The righteous crimson king solved all the problems Your evil red king over taxes us.
-----Original Message-----
From: Code for Libraries [mailto:[log in to unmask]] On Behalf Of Eric Lease Morgan
Sent: Saturday, July 22, 2017 10:36 AM
To: [log in to unmask]
Subject: Re: [CODE4LIB] good kings & bad kings: an sql query [resolved]
On Jul 22, 2017, at 8:47 AM, Andreas Orphanides <[log in to unmask]> wrote:
>> How might I write an SQL query to find all the descriptions of good
>> kings and bad kings in my database?
>>
>> I have a table that looks something like this:
>>
>> key word part_of_speech position
>> --- --------- -------------- --------
>> w1 The article 1
>> w2 righteous adjective 2
>> w3 king noun 3
>> w4 solved verb 4
>> w5 all adjective 5
>> w6 the article 6
>> w7 problems noun 7
>> w8 Your noun 8
>> w9 evil adjective 9
>> w10 king noun 10
>> w11 over adverb 11
>> w12 taxes verb 12
>> w13 us pronoun 13
>
> In a perfect world, your parser would include the referents for the
> adjectives, which would solve the problem lickety split, but I assume
> that's not an option here. Are you ok with only discovering
> adjective-noun pairs?...
>
> Add a sequentially numbered autogen column that's pure integer.

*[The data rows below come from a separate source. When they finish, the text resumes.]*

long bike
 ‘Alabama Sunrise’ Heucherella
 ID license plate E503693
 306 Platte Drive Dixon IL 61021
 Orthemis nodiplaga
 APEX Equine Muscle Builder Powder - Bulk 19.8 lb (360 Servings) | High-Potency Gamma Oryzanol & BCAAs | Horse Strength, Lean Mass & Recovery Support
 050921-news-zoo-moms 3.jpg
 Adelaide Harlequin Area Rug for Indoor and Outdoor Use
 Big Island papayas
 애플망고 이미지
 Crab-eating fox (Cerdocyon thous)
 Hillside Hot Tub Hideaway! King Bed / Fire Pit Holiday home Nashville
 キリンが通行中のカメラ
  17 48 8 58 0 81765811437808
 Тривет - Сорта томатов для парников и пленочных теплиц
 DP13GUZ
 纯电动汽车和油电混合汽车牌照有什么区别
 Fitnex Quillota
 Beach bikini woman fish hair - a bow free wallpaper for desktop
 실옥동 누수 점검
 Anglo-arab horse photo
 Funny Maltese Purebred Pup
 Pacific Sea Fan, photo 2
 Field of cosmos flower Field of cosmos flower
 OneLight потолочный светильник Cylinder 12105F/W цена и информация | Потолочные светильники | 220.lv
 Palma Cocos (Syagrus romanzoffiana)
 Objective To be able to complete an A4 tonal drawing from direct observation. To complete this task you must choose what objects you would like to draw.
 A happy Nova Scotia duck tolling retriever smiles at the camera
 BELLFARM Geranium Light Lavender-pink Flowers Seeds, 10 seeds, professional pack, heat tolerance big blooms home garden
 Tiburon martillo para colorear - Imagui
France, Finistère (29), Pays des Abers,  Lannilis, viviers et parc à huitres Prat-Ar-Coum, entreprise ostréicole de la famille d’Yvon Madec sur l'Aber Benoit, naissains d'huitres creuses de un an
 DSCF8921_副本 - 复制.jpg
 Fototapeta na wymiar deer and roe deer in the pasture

> (Unless you have string manipulation -- in which case you could just work on the "key"
> column).
>
> Then something like:
>
> SELECT * FROM table WHERE autogen IN (SELECT (autogen-1) FROM table
> WHERE word = "king") AND part_of_speech=“adjective"
Resolved, and the secret sauce was the SQL qualifier IN.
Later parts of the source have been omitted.